Has anyone used the yeast from this beer before and what were the results like? I'm a little concerned that the yeast were too active in lowering the FG.

Cheers
Bazza.


----------



## Aaron (25/6/05)

Bazza said:


> Has anyone used the yeast from this beer before and what were the results like? I'm a little concerned that the yeast were too active in lowering the FG.
> 
> [post="64973"][/post]​



I haven't used it. However, I have read they don't use their primary fermentation yeast in bottle conditioning. They remove the primary yeast after primary fermentation then put another yeast into the bottle for bottle conditioning.

So using the yeast you can culture from the bottle is probably not going to help to achieve the same flavour. There are plenty of good American Pale Ale recipes around though. The Skunkfart Pale Ale seems a popular choice. You should be able to find the thread for that one which has been going for a couple of years now.


----------



## Guest Lurker (25/6/05)

Here is the original post from someone who sounds like they are actually from Little Creatures confirming that it is indeed a lager yeast used for bottling.

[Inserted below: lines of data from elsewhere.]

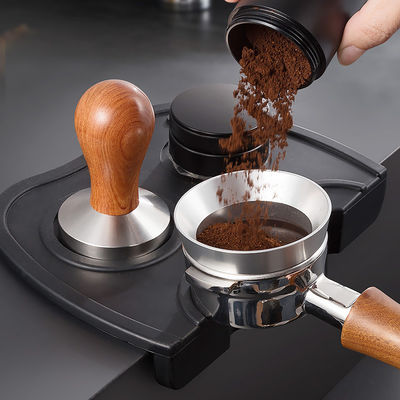 En acier inoxydable, les grains de café peuvent être manipulés en utilisant un anneau magnétique de dosage de café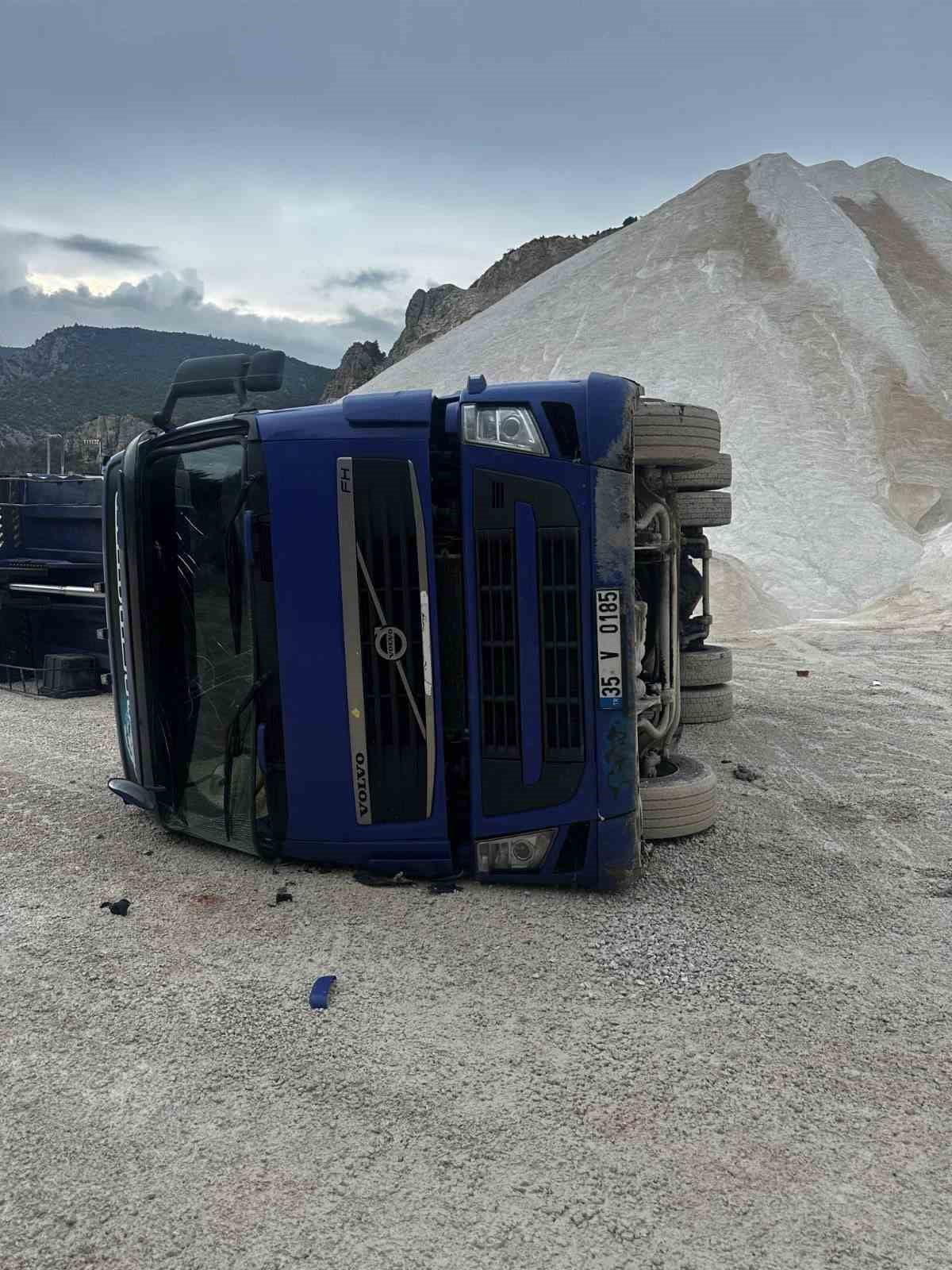 KUM BOŞALTIRKEN DEVRİLEN KAMYONDA İŞ KAZASI: 1 YARALI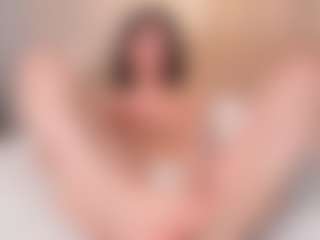 loralifelover's Live Sex Cam Show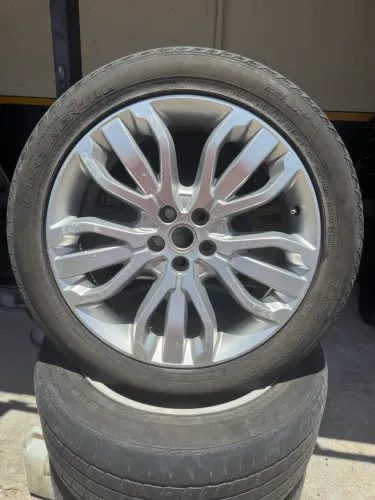 Rodas aro 21 com pneus 275/45 R 21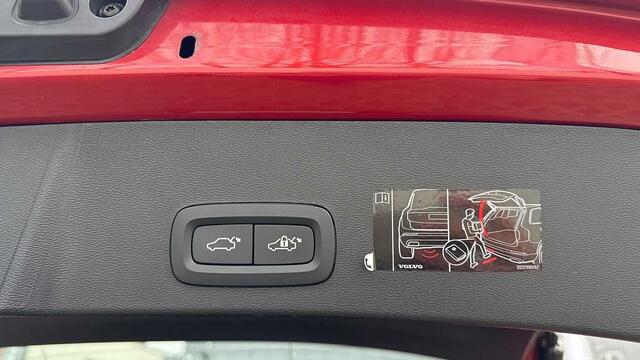 Volvo XC40 R-Design T3 3YEAR WARRANTY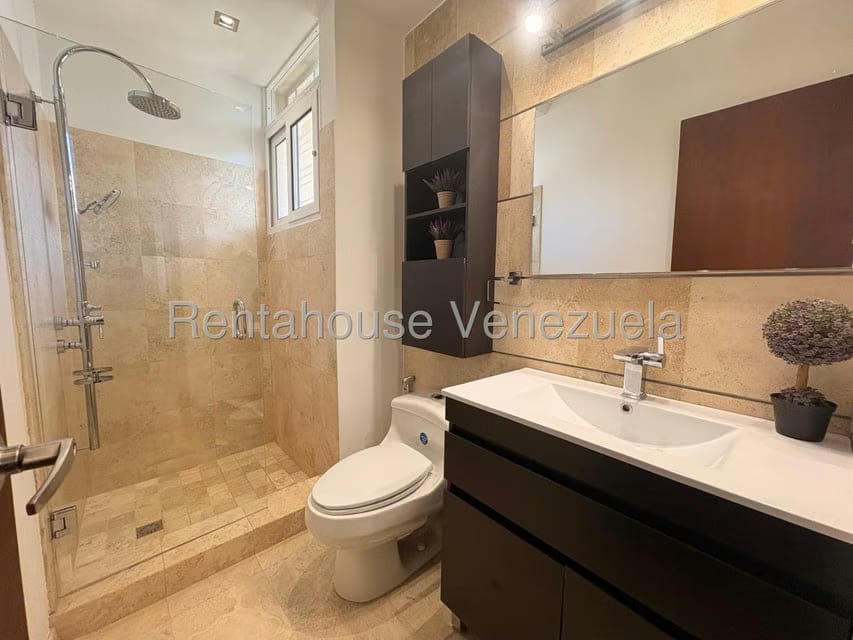 Townhouse (Multiples Niveles) en Venta en Doral Norte, Zulia - 56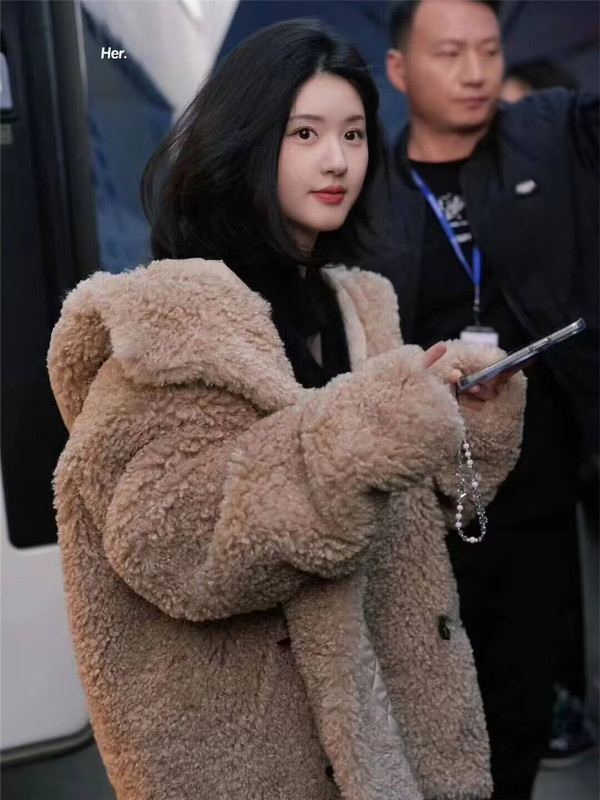 Zhao Lusi Style Lazy and Soft Hooded Lamb Wool Plush Coat for Women, 2025 Winter Thickened Fur Coat, Cotton Jacket Zhao Lusi Style Lazy and Soft Hooded Lamb Wool Plush Coat for Women, 2025 Winter Thickened Fur Coat, Cotton Jacket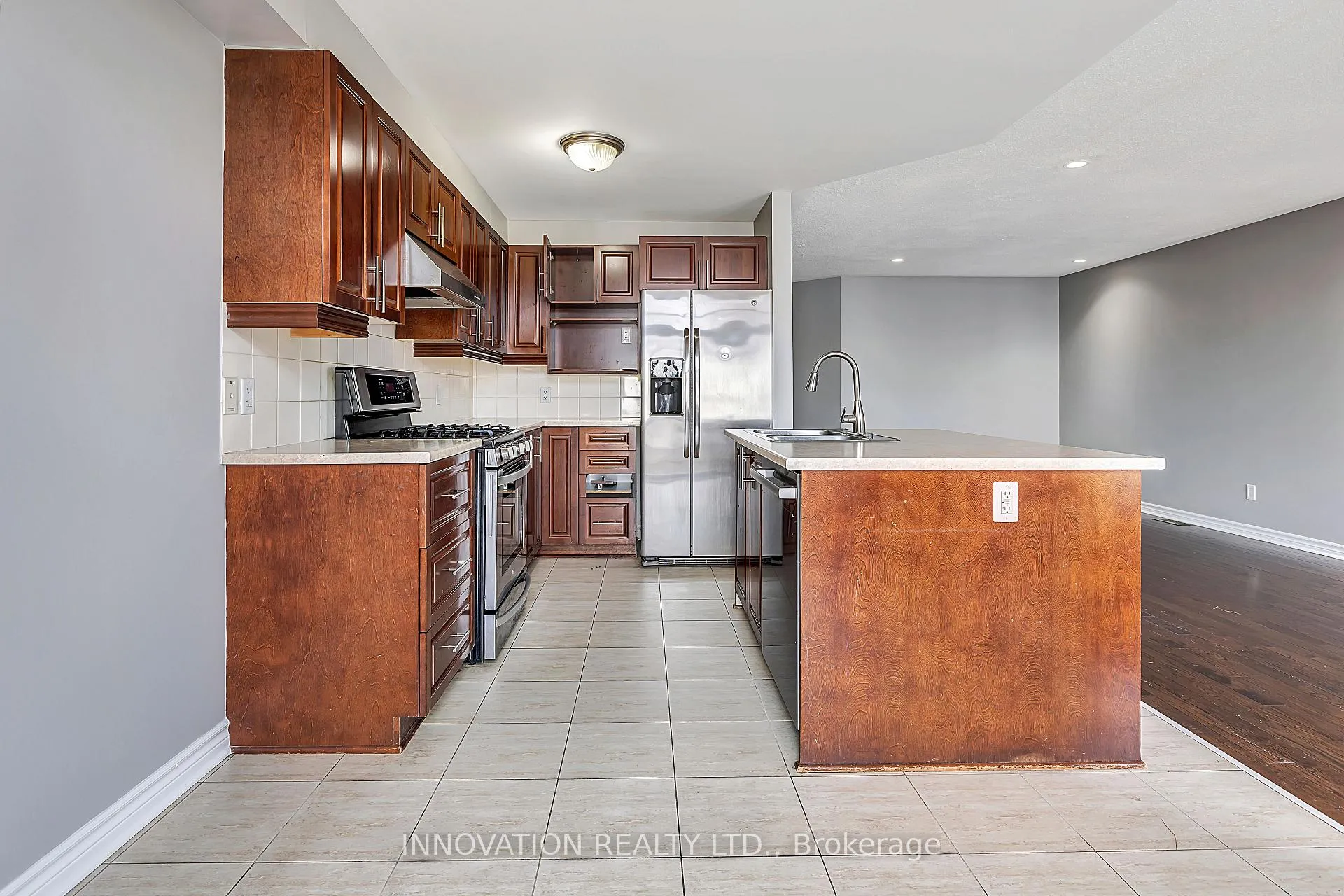 Photo 7 of 126 Garrity Crescent, Ottawa, Barrhaven - Strandherd — HOMEH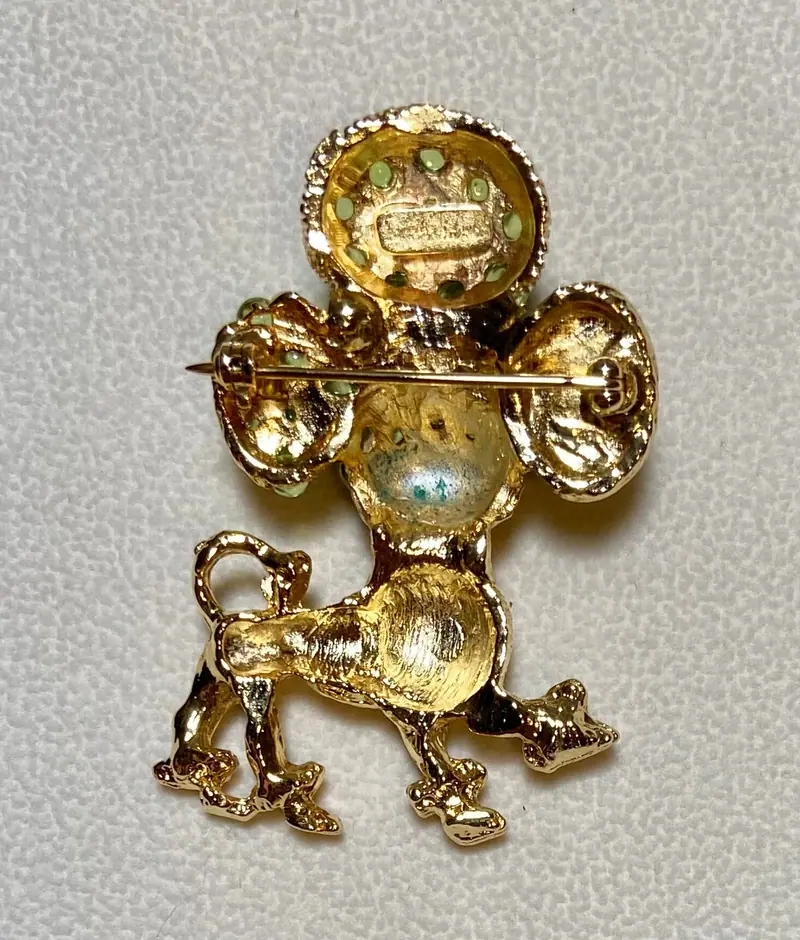 Dog Brooch — Peridot, Coral Eyes (2)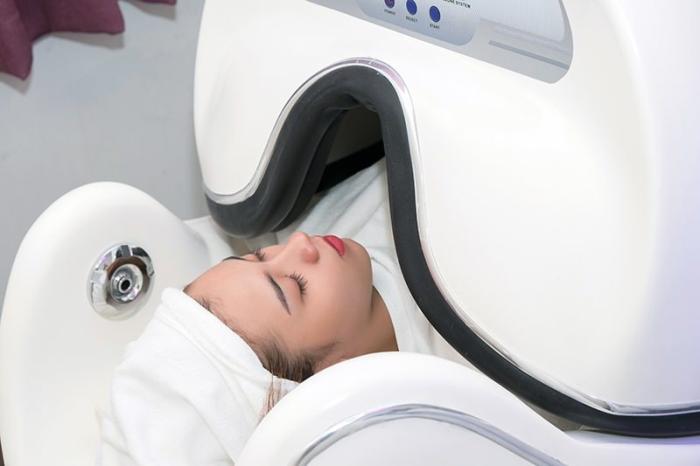 Tắm Trắng Phi Thuyền Hoàng Gia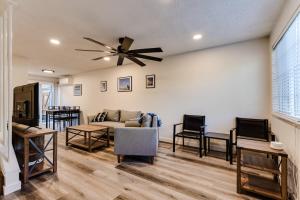 a living room with a couch and a ceiling fan at Retreat near UO, Autzen Stadium, Amazon Park (# 1) in Eugene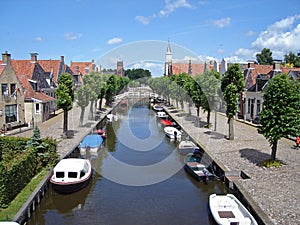 A dutch moat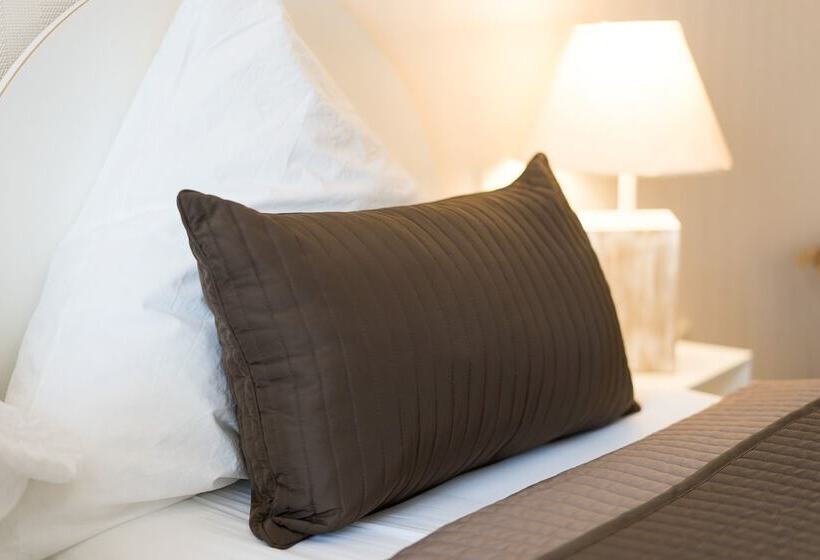 스탠다드 트리플 룸, Restaurant Thuringer Hof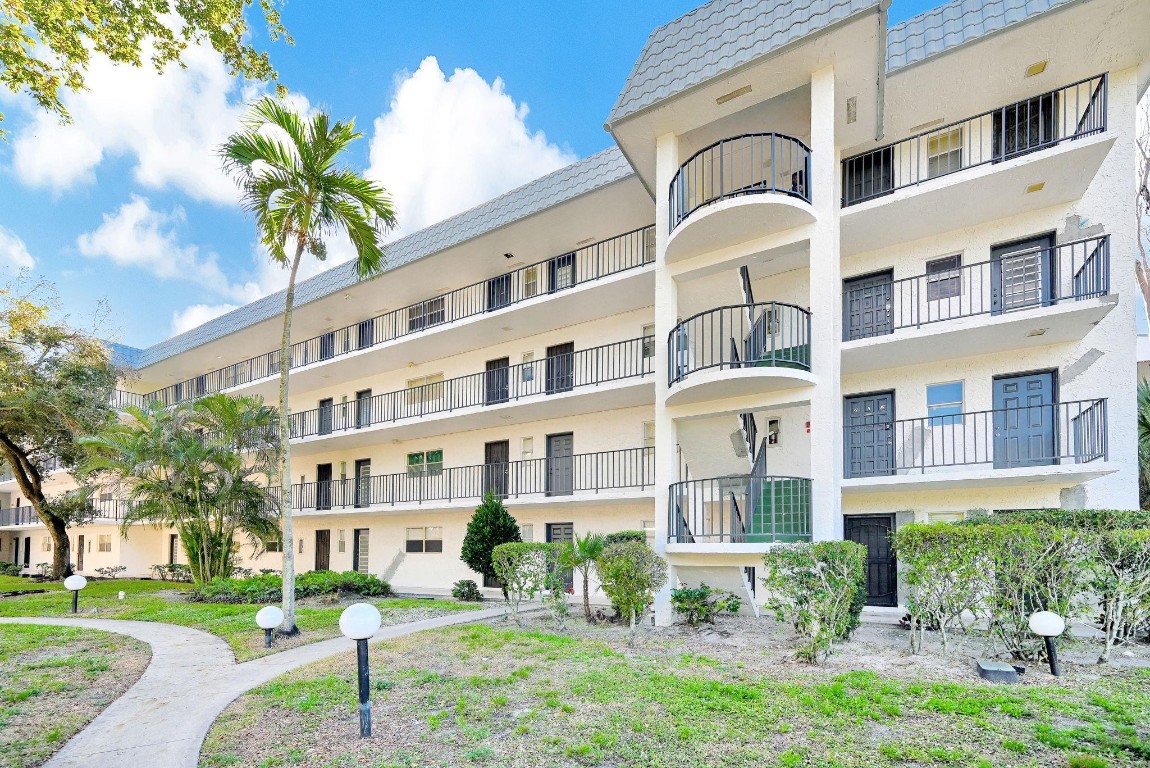 Garden Lakes Of Inverrary - Residential Lease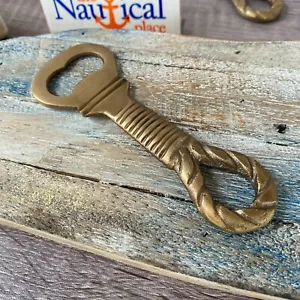 Abridor de botellas de nudo de cuerda - latón liso - acabado antiguo - accesorio de barra náutica - Imagen 1 de 5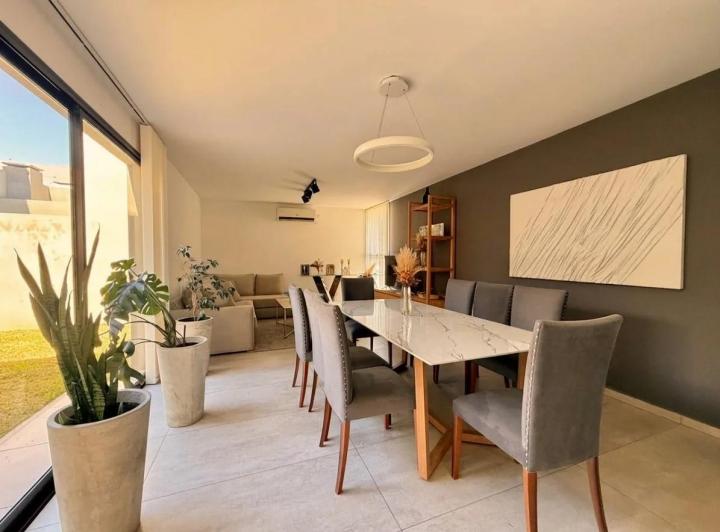 Casa · 180m² · 10 Ambientes · 1 Cochera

http://www.grumpys.com.au/read.php3?id=18600


----------



## Bazza (25/6/05)

Alien boy said:


> Bazza,welcome.
> 
> The yeast in the lcpa is most likely a lager strain and will attenuate more and make the beer drier.
> 
> ...



Alien boy
thanks for the link. Looks like the beer will be an interesting drop. An ale with lager yeast brewed warm....mmmmm. 
Cheers
Bazza


----------